* WORK REQUIRED:
Your answer must consist only of the lines from the start of the entries through the line that holds "Μαύρο κοντομάνικο μπλουζάκι", copied exactly, with no pictures.
:: INPUT RECORDS
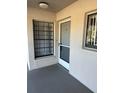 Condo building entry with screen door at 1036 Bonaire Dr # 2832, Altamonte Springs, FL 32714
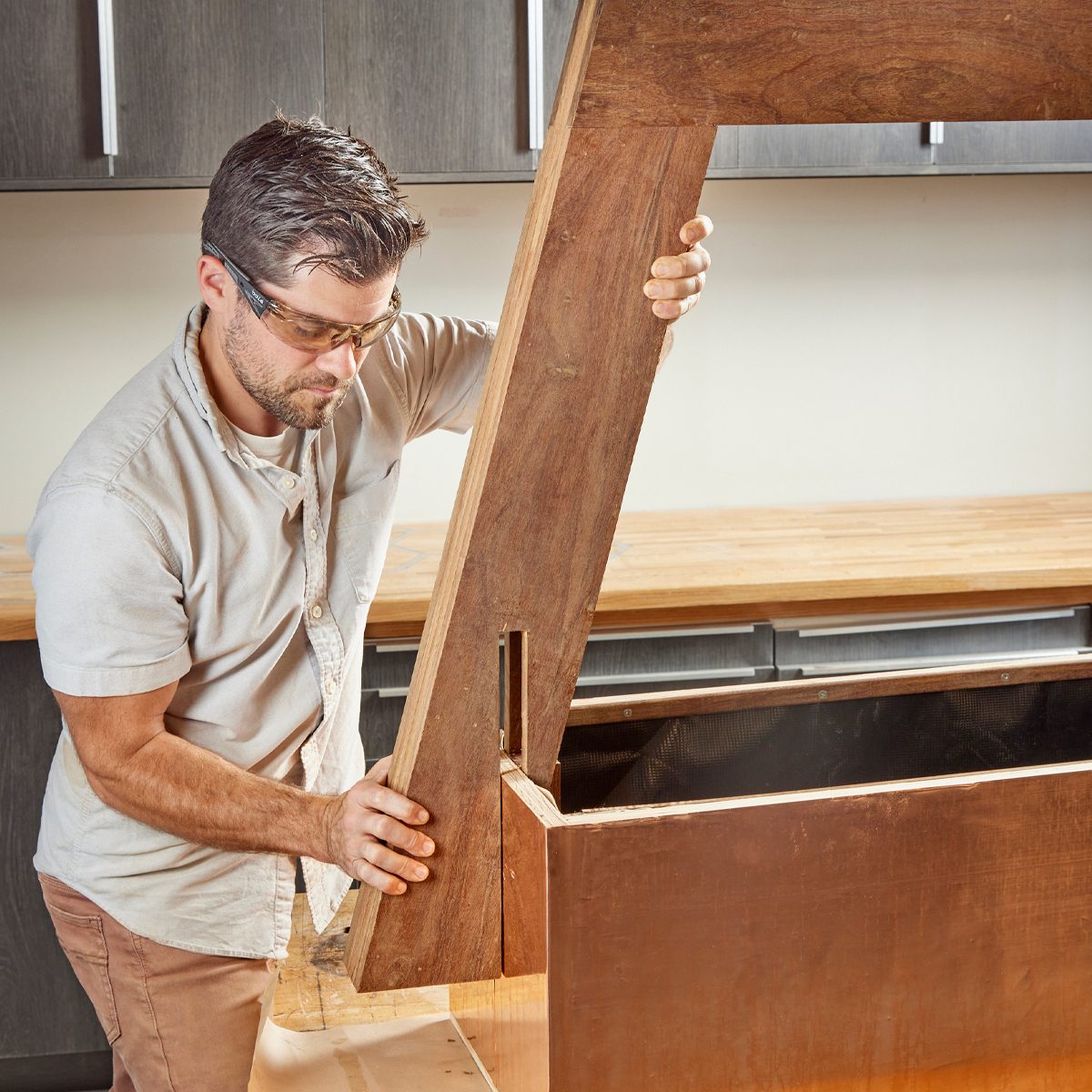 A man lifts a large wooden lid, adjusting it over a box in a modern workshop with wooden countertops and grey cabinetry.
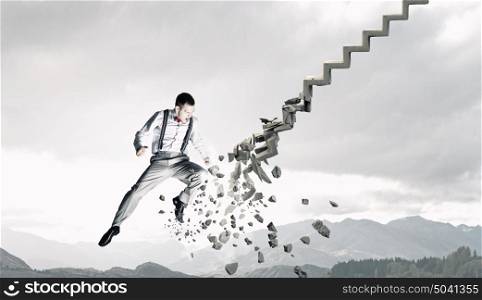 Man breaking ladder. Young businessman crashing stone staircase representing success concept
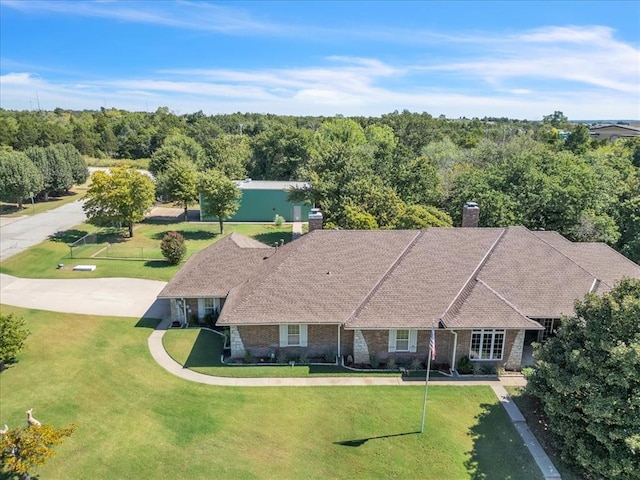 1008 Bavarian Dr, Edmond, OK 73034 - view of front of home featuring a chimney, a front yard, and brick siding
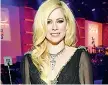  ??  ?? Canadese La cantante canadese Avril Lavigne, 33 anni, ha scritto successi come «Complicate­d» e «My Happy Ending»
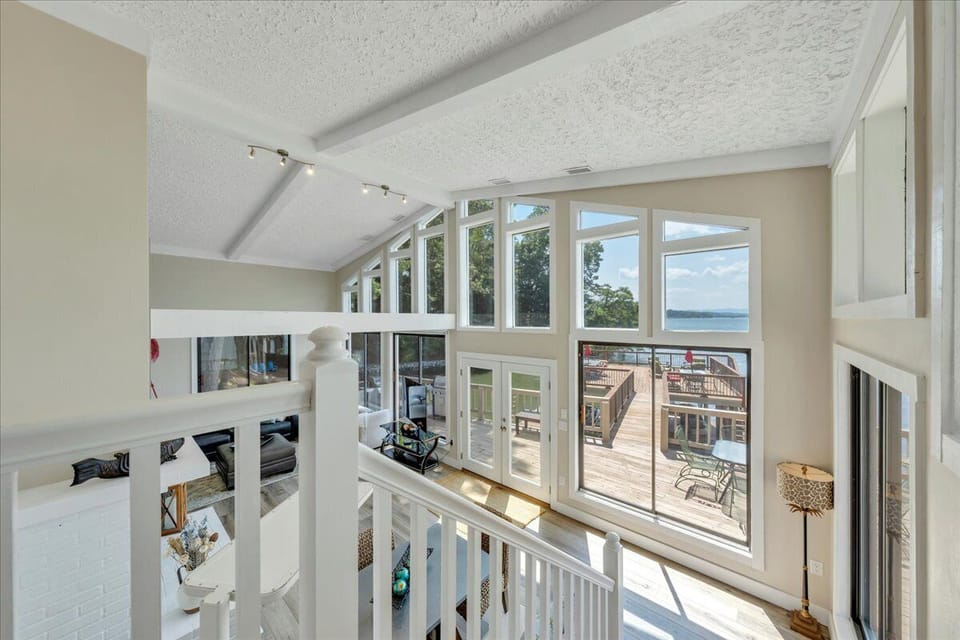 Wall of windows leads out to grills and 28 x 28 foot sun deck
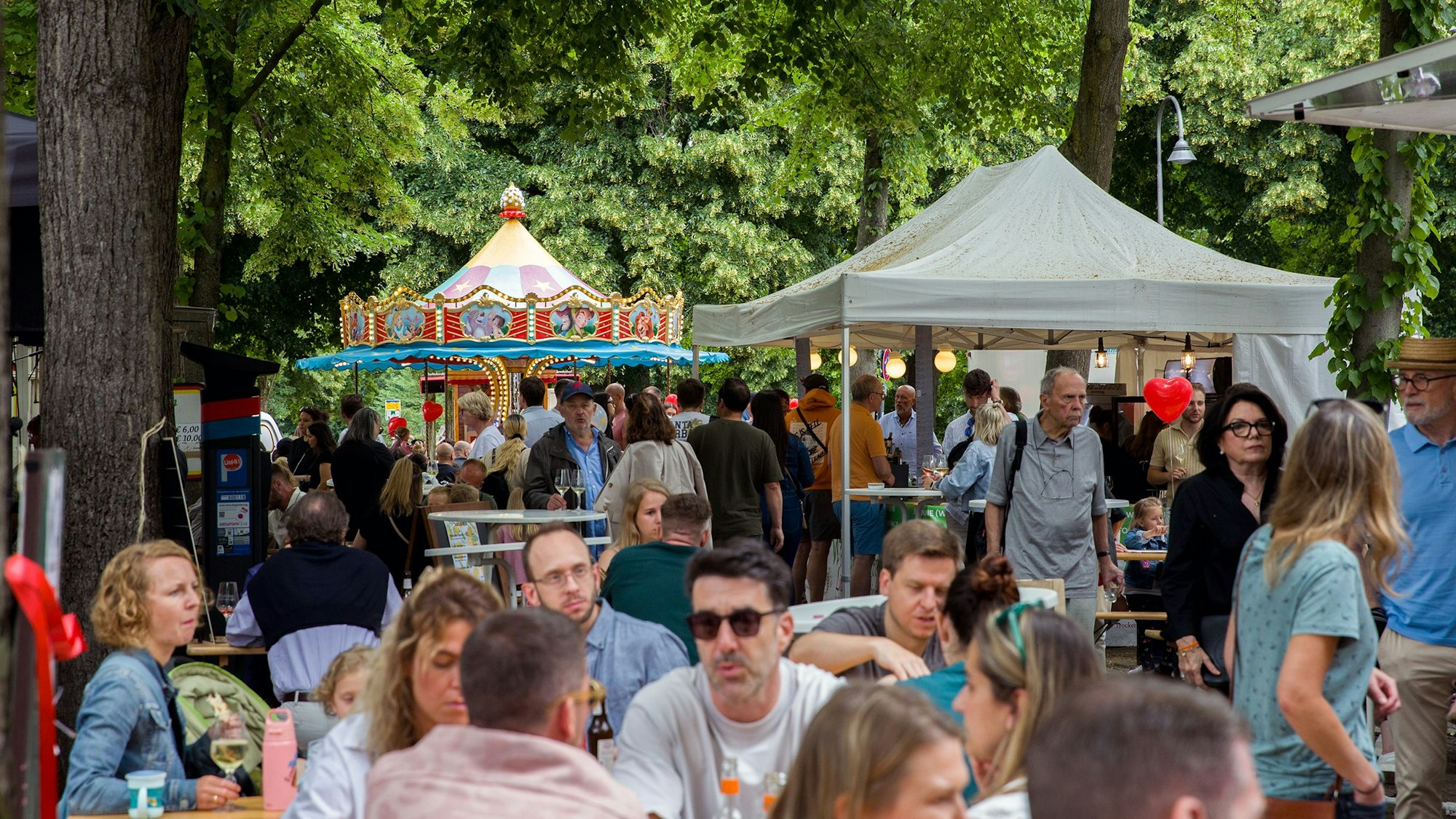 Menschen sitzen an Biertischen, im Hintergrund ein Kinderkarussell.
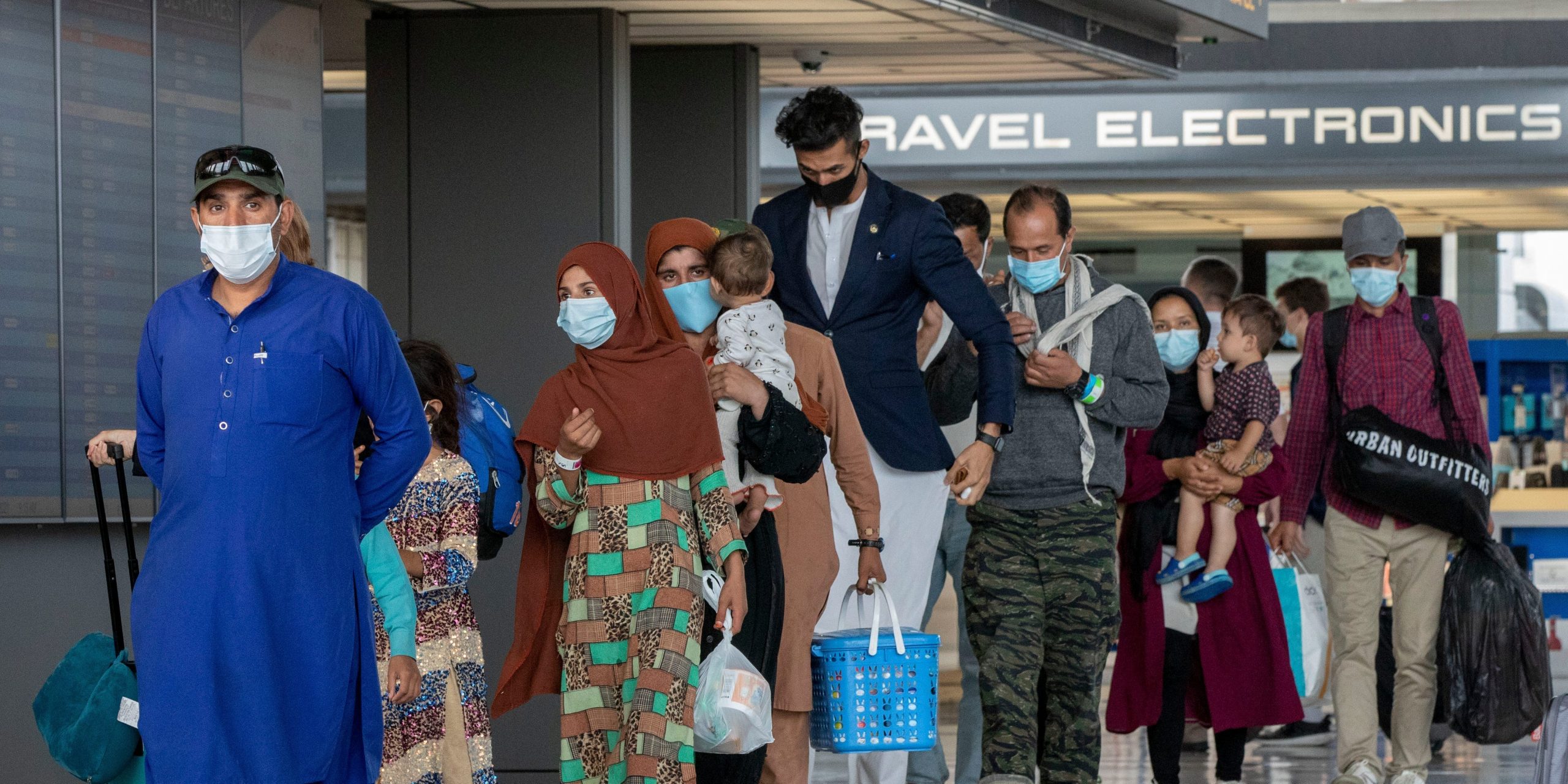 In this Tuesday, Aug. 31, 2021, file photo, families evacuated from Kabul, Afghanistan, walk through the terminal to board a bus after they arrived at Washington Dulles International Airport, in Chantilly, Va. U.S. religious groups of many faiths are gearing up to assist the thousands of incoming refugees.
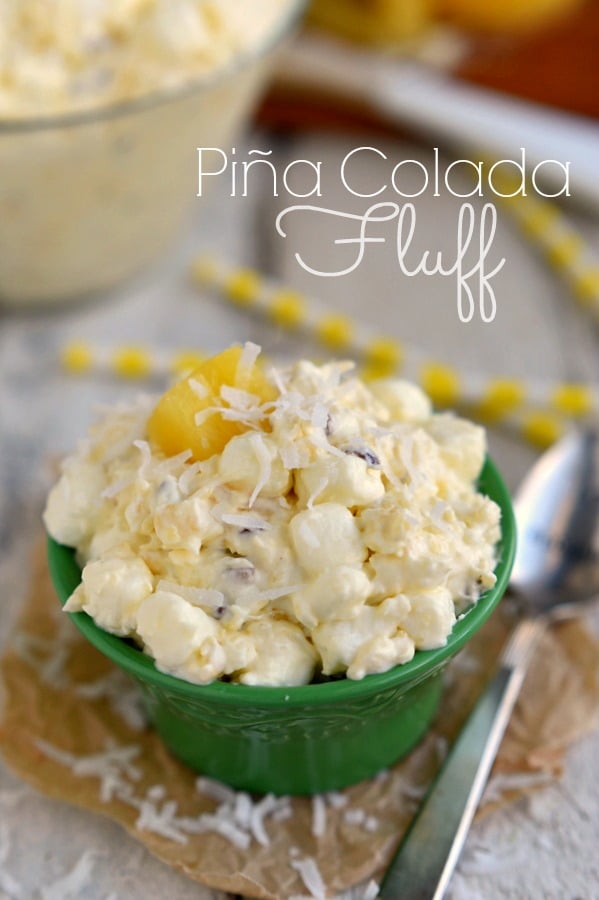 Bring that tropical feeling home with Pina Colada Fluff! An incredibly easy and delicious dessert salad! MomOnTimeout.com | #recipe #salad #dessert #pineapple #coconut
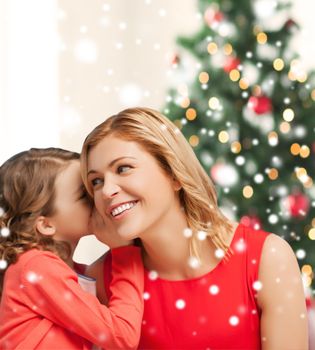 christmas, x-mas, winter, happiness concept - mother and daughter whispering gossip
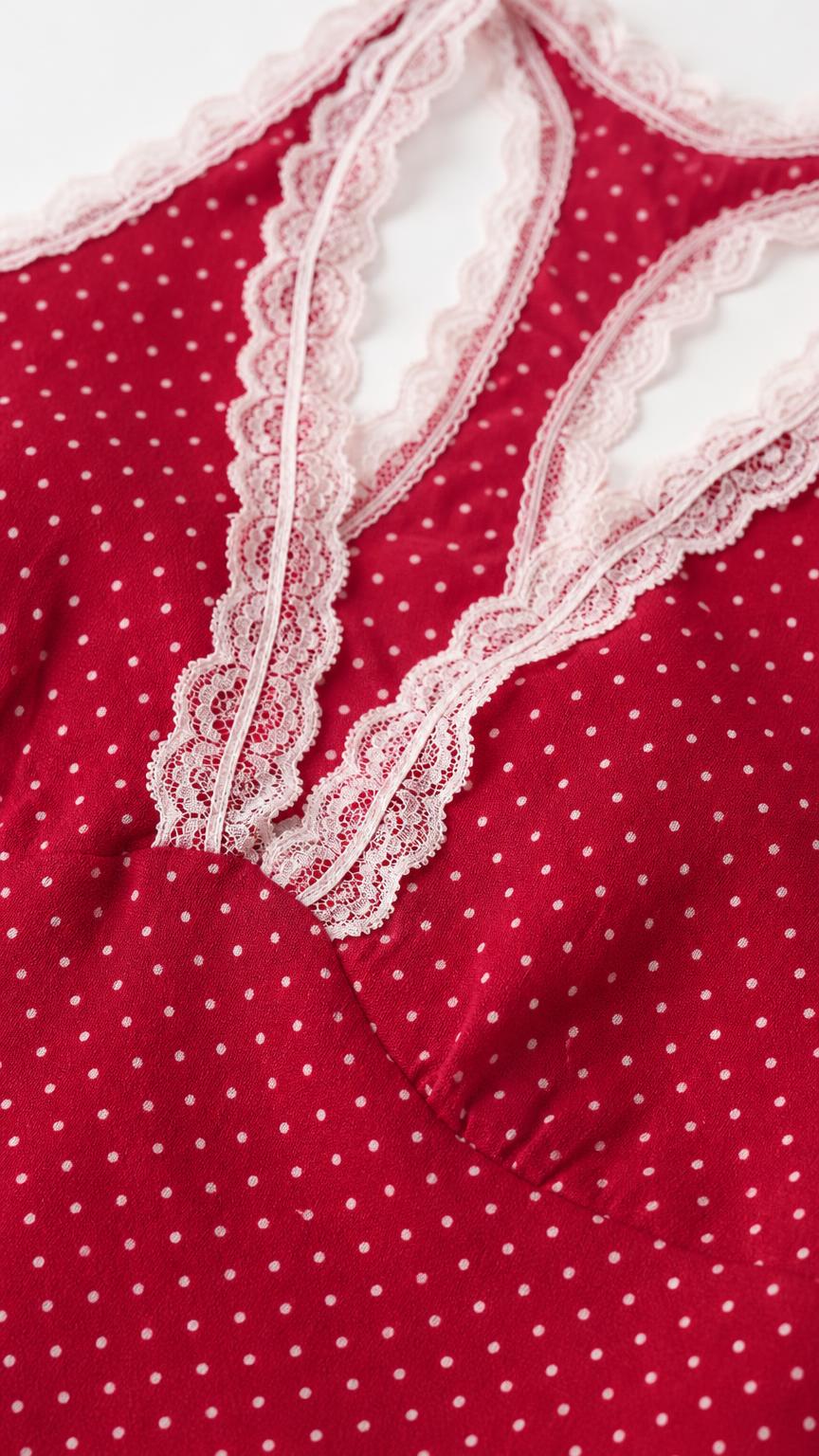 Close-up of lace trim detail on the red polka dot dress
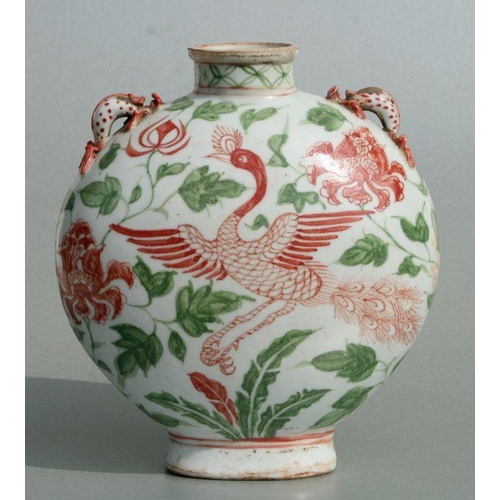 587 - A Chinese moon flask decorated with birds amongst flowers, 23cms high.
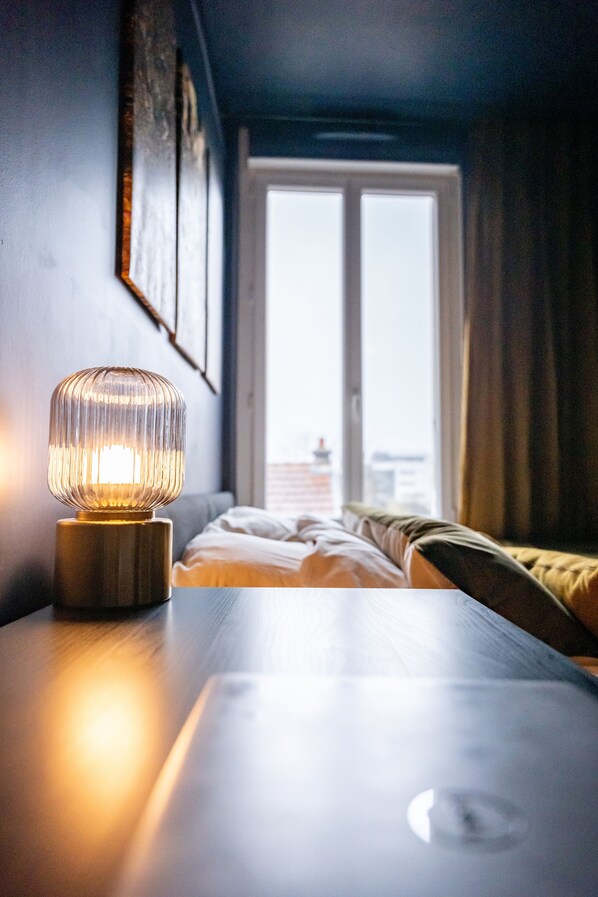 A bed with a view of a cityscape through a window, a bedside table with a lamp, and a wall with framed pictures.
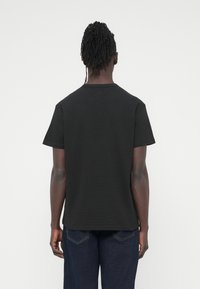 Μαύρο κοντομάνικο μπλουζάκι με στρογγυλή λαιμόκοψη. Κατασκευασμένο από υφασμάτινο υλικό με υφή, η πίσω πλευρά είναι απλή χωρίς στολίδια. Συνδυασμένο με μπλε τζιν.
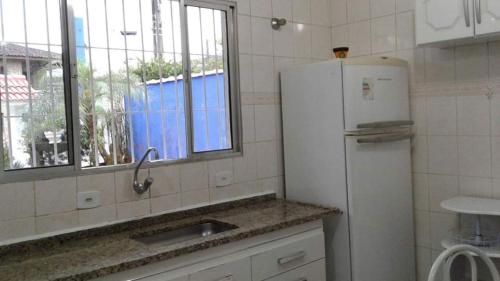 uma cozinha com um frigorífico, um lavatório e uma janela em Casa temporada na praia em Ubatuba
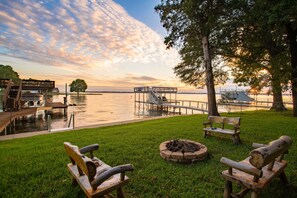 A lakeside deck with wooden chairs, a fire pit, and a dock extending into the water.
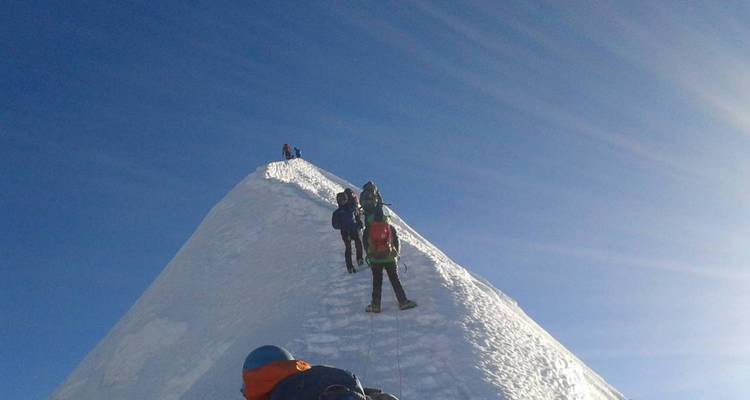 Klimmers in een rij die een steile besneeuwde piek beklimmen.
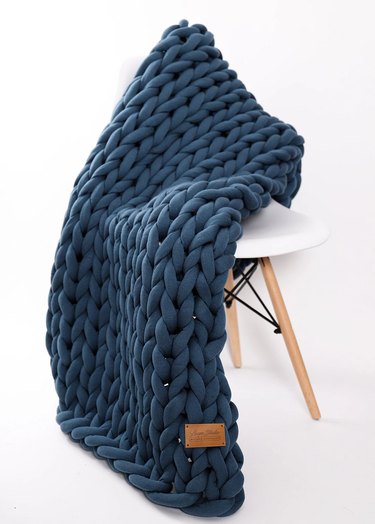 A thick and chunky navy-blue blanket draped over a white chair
::::
* SOLVED PROBLEM:
 Condo building entry with screen door at 1036 Bonaire Dr # 2832, Altamonte Springs, FL 32714
 A man lifts a large wooden lid, adjusting it over a box in a modern workshop with wooden countertops and grey cabinetry.
 Man breaking ladder. Young businessman crashing stone staircase representing success concept
 1008 Bavarian Dr, Edmond, OK 73034 - view of front of home featuring a chimney, a front yard, and brick siding
  ??  ?? Canadese La cantante canadese Avril Lavigne, 33 anni, ha scritto successi come «Complicate­d» e «My Happy Ending»
 Wall of windows leads out to grills and 28 x 28 foot sun deck
 Menschen sitzen an Biertischen, im Hintergrund ein Kinderkarussell.
 In this Tuesday, Aug. 31, 2021, file photo, families evacuated from Kabul, Afghanistan, walk through the terminal to board a bus after they arrived at Washington Dulles International Airport, in Chantilly, Va. U.S. religious groups of many faiths are gearing up to assist the thousands of incoming refugees.
 Bring that tropical feeling home with Pina Colada Fluff! An incredibly easy and delicious dessert salad! MomOnTimeout.com | #recipe #salad #dessert #pineapple #coconut
 christmas, x-mas, winter, happiness concept - mother and daughter whispering gossip
 Close-up of lace trim detail on the red polka dot dress
 587 - A Chinese moon flask decorated with birds amongst flowers, 23cms high.
 A bed with a view of a cityscape through a window, a bedside table with a lamp, and a wall with framed pictures.
 Μαύρο κοντομάνικο μπλουζάκι με στρογγυλή λαιμόκοψη. Κατασκευασμένο από υφασμάτινο υλικό με υφή, η πίσω πλευρά είναι απλή χωρίς στολίδια. Συνδυασμένο με μπλε τζιν.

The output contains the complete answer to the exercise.